Jennifer Neustedt is a caregiver—her job includes changing bedding, helping patients with eating, and monitoring their medicines—in an elder-housing facility in Bellingham, Washington. The 32-year-old, married with four children, works 40 hours a week for about $11 an hour.
Jose Rosado is a full-time metal fabricator in Cleveland, Ohio, putting together drop boxes that FedEx uses for package pick-ups. Twenty-seven, married and with a three-year-old son, he makes about $15 an hour. His wife doesn’t work—she’s been ill for a few years—and health-care costs have added to the family expenses.
Both are high school dropouts. Neustedt left school when she became pregnant at age 15, while Rosado dropped out in ninth grade because “I was into all sorts of things, and school wasn’t one of them.” Both need a high school diploma, or its equivalent, to move into the educational programs that will help them climb up the economic ladder.
If Neustedt were to put in two years of community college in a nursing program, she could triple her pay and move up in the booming health-care industry. Rosado wants to go to a vocational-tech training school to get certified in welding, which would open up his job options and perhaps triple his pay. It might even jumpstart his dream of owning an auto mechanic business.
Neustedt and Rosado both take tutoring classes to prepare for the GED, a high-school equivalency test. GED stands for General Educational Development (or, in less charitable quarters, the Good-Enough Diploma), and the test measures basic math, reading, writing, and history. Both Neustedt and Rosado put in 15 to 20 hours a week studying for the test, and they have been at it for more than a year.
These two are, by all estimations, reasonably intelligent adults, in stable family relationships, who work full-time and are working hard to get ahead—the kind of people the bootstrap puller-upper political crowd extols as examples of American hard work and determination. And yet neither Neustedt nor Rosado has passed the four-part GED. In fact, neither has passed even one of the parts.
They’re not alone. Fewer people passed the GED in 2014 than had in any other year since 1968, when the United States had 100 million fewer citizens. Why can’t they earn a good-enough diploma?
COMMON CORE’S SHADOW
A retooled GED rolled out in January 2014, and the new test is harder than the old one. A lot harder. That’s intentional: The people behind the test insist that a harder test is good for worker productivity and gives the GED more value—arguments that echo those made for the Common Core State Standards Initiative and its mission to improve American classroom education through consistent curricula and ample standardized testing.
Common Core, in fact, is a big reason the current GED is so much harder. States—and keep in mind that states decide when and how to adopt Common Core, not the federal government—required the new test to adhere to Common Core standards. Rather than assessing skills learned by rote, including basic math, reading, and writing skills, Common Core means to emphasize analytical learning—“how” and “why” and not just “what.” And the new GED reflects that intention.
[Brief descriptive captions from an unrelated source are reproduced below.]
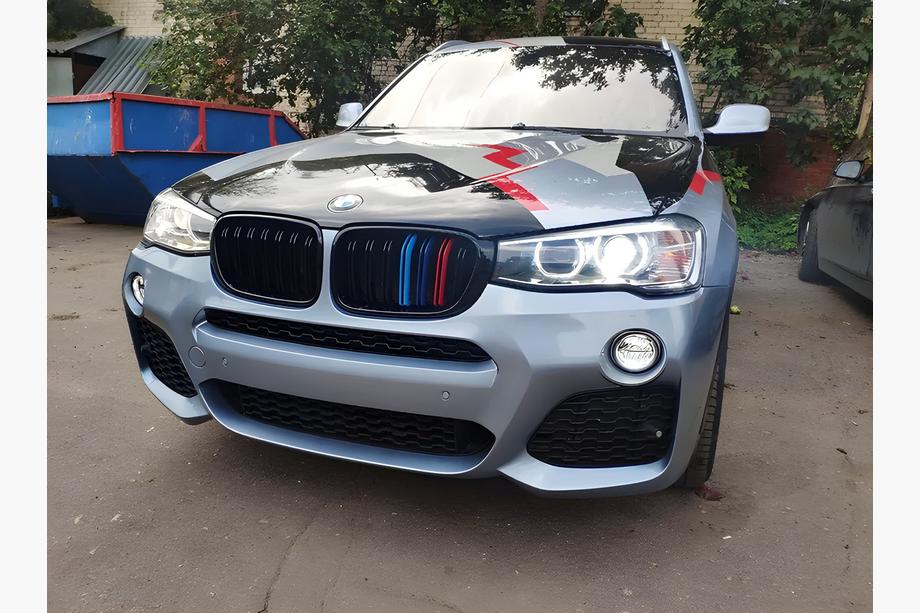 BMW X3 F25 2011–2018 M-Look nierengrille (2014-2018, M-Color) Image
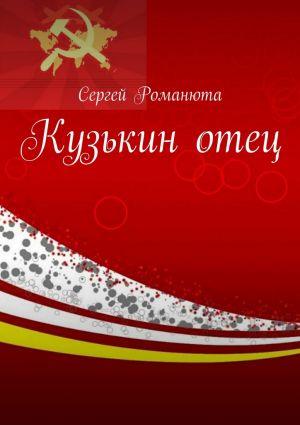 обложка книги Кузькин отец автора Сергей Романюта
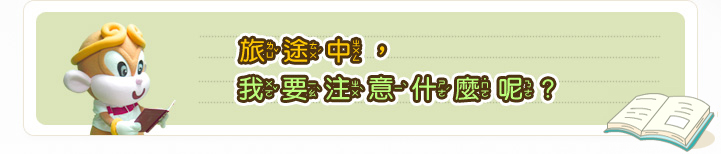 內容標題圖-旅途中，我要注意什麼呢? 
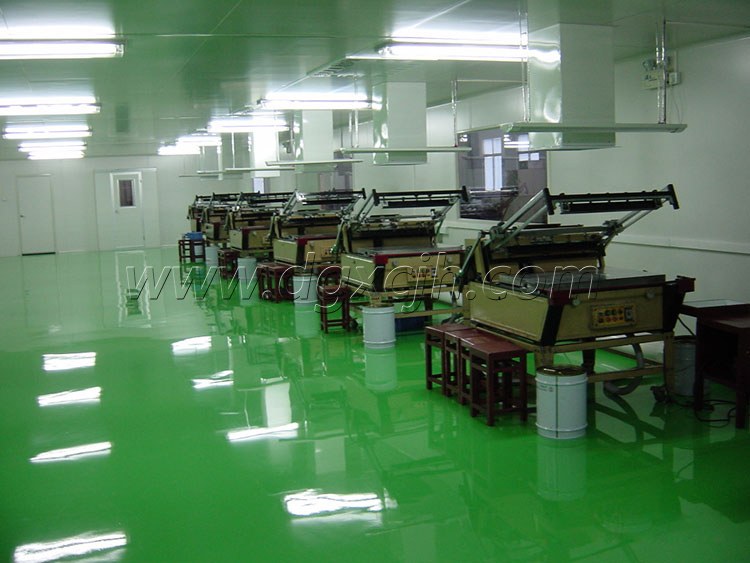 �޳�������θ���װ�޹���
The content change in the new test—more math, algebra-level and above (the old test was one-fourth advanced math; the new test is one-half ), essays graded on analysis and not grammar, tough chemistry equations—is the biggest factor in the historic drop-off, according to those who tutor prospective test-takers.
And while those who oversaw this test change insist that the numbers will go up as tutors and test-takers get to know the new GED, right now the new test is failing a large number of people who need a second chance to get ahead. This remains a significant population to draw from: According to the Department of Education, while dropout rates among all demographic groups have been falling for years, some seven percent of current 16- to 24-year-olds are high school dropouts.
The GED has always measured basic academic proficiency, but it also served as a proxy for the test-taker’s determination to study and ultimately move up economically. The new test has lessened the importance of that resolve, and seems to be discouraging people from even trying.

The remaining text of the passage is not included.